Treat reliability as layered defenses. Implement language and content guardrails to pre-validate inputs/outputs for safety and policy compliance, using options like Bedrock Guardrails, NeMo Guardrails, or Guardrails AI. Detect and redact personally identifiable information (PII) using tools like Microsoft Presidio. Enforce row-/column-level access control and audit across catalogs using Unity Catalog, and evaluate RAG with reference-free metrics like faithfulness and context precision/recall using tools like Ragas.

Scaling Indexing and Retrieval Under Real Traffic

Two key axes matter: ingest throughput and query concurrency. Normalize ingest at the lakehouse edge, writing to Iceberg for versioned snapshots, then embedding asynchronously to enable deterministic rebuilds and point-in-time re-indexing. For vector serving, Milvus’s shared-storage, disaggregated compute architecture supports horizontal scaling with independent failure domains. Use hybrid retrieval (BM25 + ANN + reranker) for structured+unstructured fusion, and store structured features next to vectors to support filters and re-ranking features at query time.

Monitoring Beyond Logs

To monitor effectively, use traces, metrics, and evaluations stitched together. Emit OpenTelemetry spans across ingestion, retrieval, model calls, and tools using platforms like LangSmith, which natively ingests OTEL traces and interoperates with external APMs. Use LLM observability platforms like LangSmith, Arize Phoenix, LangFuse, or Datadog for tracing, evaluations, cost tracking, and enterprise readiness. Schedule RAG evaluations on canary sets and live traffic replays to track faithfulness and grounding drift over time. Add schema profiling/mapping on ingestion to keep observability attached to data shape changes and explain retrieval regressions when upstream sources shift.

Example: Doc-to-Chat Reference Flow

Ingest: connectors → text extraction → normalization → Iceberg write (ACID, snapshots). Govern: PII scan (Presidio) → redact/mask → catalog registration with ACL policies. Index: embedding jobs → pgvector (policy-aware joins) and Milvus (high-QPS ANN). Serve: REST/gRPC → hybrid retrieval → guardrails → LLM → tool use. HITL: low-confidence paths route to A2I/LangGraph approval steps. Observe: OTEL traces to LangSmith/APM + scheduled RAG evaluations.

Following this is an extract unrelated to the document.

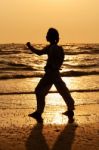 Martial Art Man Stock Photo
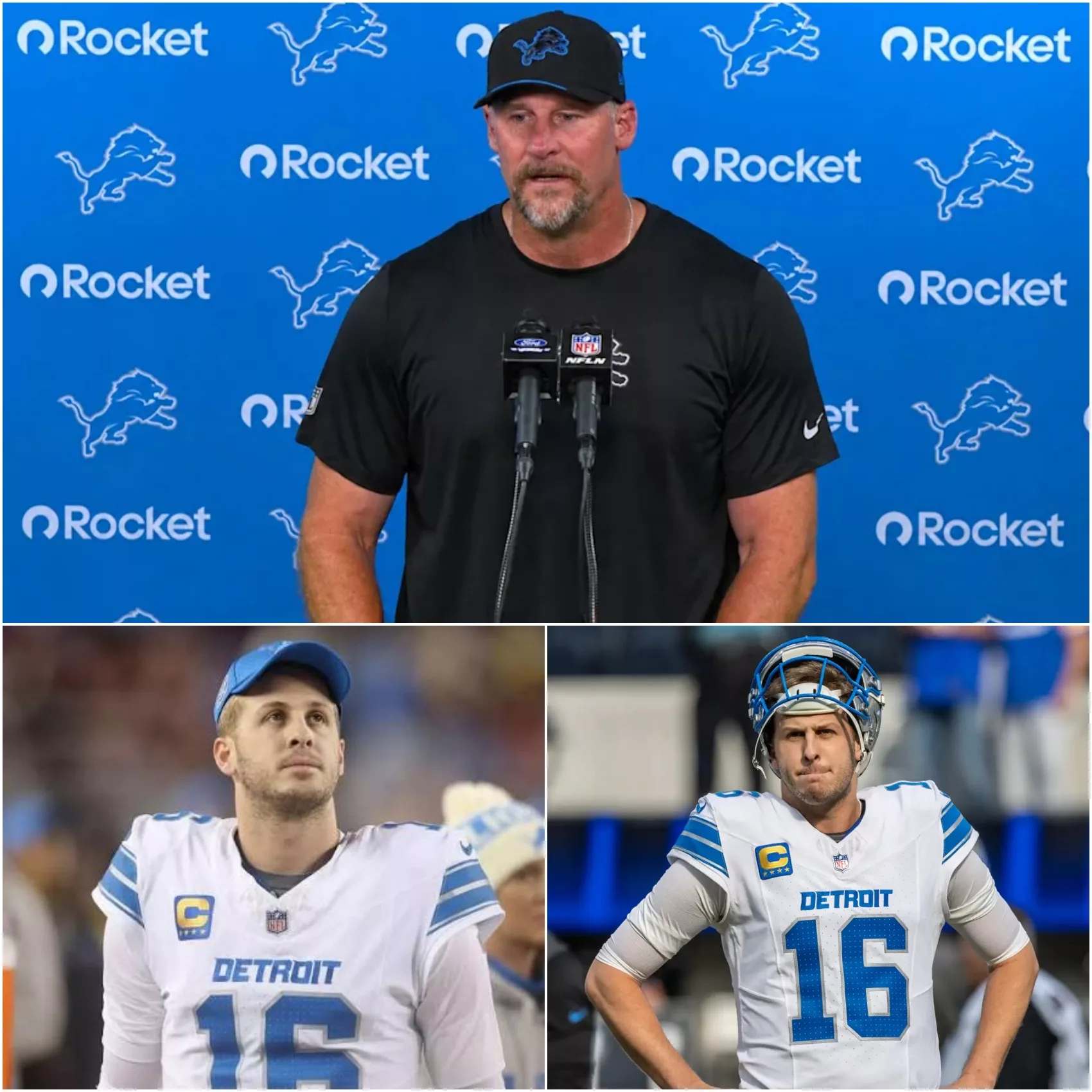 Cover Image for 🚨🔥 DAN CAMPBELL SPEAKS OUT AFTER LIONS’ HEARTBREAKING 41–31 LOSS — “LOOK AT THE PROCESS, NOT JUST THE SCOREBOARD”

Why ‘5% AI, 100% Software Engineering’ in Practice

Most outages and trust failures in agent systems aren’t model regressions; they’re data quality, permissioning, retrieval decay, or missing telemetry issues. The controls mentioned—ACID tables, ACL catalogs, PII guardrails, hybrid retrieval, OTEL traces, and human gates—determine whether the same base model remains safe, fast, and trustworthy for users. Invest in these controls first; swap models later if needed.

In conclusion, building reliable, scalable, and observable AI agents is predominantly about robust software engineering, with data plumbing, controls, and observability taking center stage. The ‘doc-to-chat’ pipeline serves as a blueprint for achieving this, with its focus on data standardization, governance, indexing, serving, coordination, reliability, scaling, and monitoring.